- _Data for review_
/---

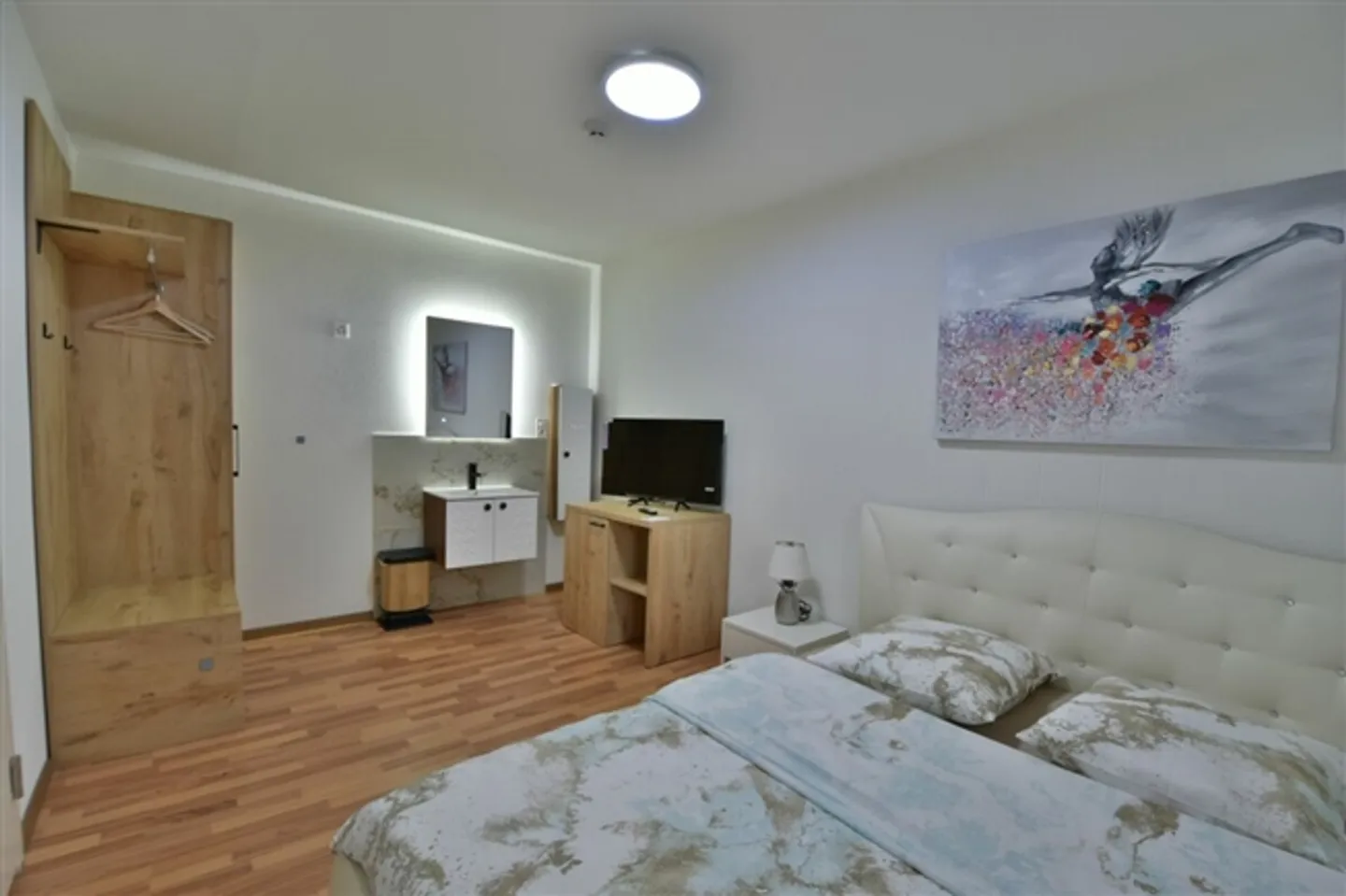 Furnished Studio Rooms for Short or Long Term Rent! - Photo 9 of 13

\---
/---

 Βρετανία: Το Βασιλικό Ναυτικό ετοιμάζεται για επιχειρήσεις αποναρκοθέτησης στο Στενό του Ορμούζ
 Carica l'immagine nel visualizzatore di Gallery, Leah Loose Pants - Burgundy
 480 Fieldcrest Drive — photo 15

\---
/---

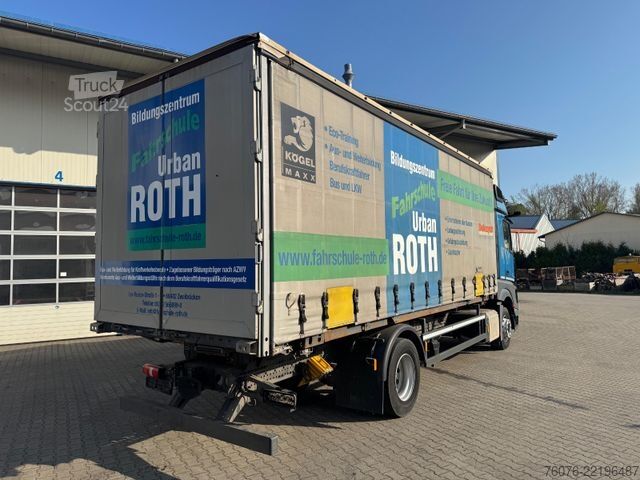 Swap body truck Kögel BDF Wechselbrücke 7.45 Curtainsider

\---

- _Exercise description_
Transcribe each line of the data above, unaltered, from the one where "Carica l'immagine nel" appears to the one where "480 Fieldcrest Drive — photo 15" appears, inclusive of both.

- _Result_
 Carica l'immagine nel visualizzatore di Gallery, Leah Loose Pants - Burgundy
 480 Fieldcrest Drive — photo 15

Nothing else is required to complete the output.